Last updated on: November 21, 2022, 11:22h.
A low-level frontline worker in Suncity’s Market Development Department was “mentally tortured” by authorities in mainland China, a court in Macau has heard.
Tearfully, Lao Ian Ian told the Macau Court of First Instance that her boyfriend, Au Wang Tong, was detained in the mainland in December 2020. When she got to see him again in March 2022, he was “completely changed,” she testified, as reported by Macau Business.
Au is a defendant in the sprawling trial of 21 individuals in Macau linked to the now-defunct mega junket Suncity, which prosecutors have characterized as “a criminal organization.” The defendants, including former chairman and CEO Alvin Chau, are charged with illegal gambling, criminal association, fraud, and money laundering.
Au has been absent from proceedings in Macau because he is prohibited from leaving the mainland. Authorities from the city of Wenzhou, eastern China, are separately prosecuting dozens of former Suncity operatives. Au’s role at Suncity involved creating illegal cash accounts and promoting the junkets’ VIP rooms to mainland residents, according to Macau Business.
‘Broken, Suicidal’
Au was arrested at the Macau-Zhuhai border checkpoint as he and Lao attempted to return to Macau after a trip to the mainland, Lao testified.

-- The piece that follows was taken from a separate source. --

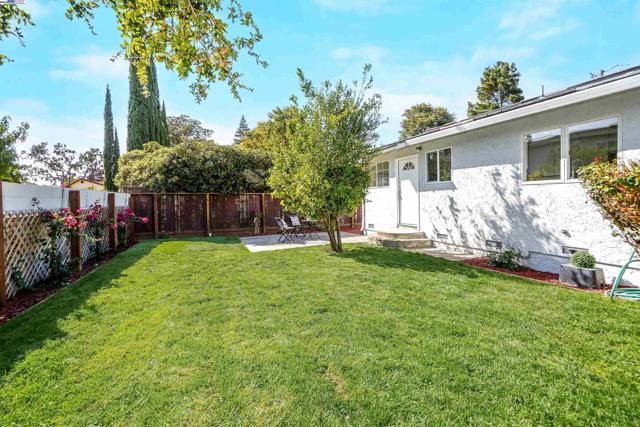 1662 Dorchester Pl, Concord CA: https://media.crmls.org/mediaz/9eb9cd6d-a94f-4387-b192-822117dd21f9.jpg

“I didn’t know what was happening at the time. The customs officers just told me to leave when they took my boyfriend away,” she testified, as reported by Macau Business.
Only months later, after obtaining the assistance of a mainland lawyer, did she learn her boyfriend was incarcerated on the mainland
[Au] told the lawyer he was imprisoned in a small room, forced to stand [all the time], not allowed to bathe,” she said. “He was mentally tortured … and he had an emotional breakdown.”
When she was finally able to see him again, 15 months after his detention, Lao said he had lost weight and looked exhausted. He had scars on his wrist and told Lao he had thought of nothing else but killing himself every day of his incarceration.
Case Against Suncity
Macau authorities accuse Suncity of running an illegal side-betting operation that allegedly cheated the Macau government out of just over US$1 billion in gaming taxes. The junket also offered illegal proxy betting services and online gambling, prosecutors claim.
Suncity was the biggest operator in the junket industry, which once drove massive revenues into Macau’s casino sector. The Politburo in Beijing blamed the industry for facilitating money laundering and capital flight.
In September, the Wenzhou court convicted 36 Suncity operators of gambling crimes. Au was not among them. He is scheduled to be tried with others at a future hearing.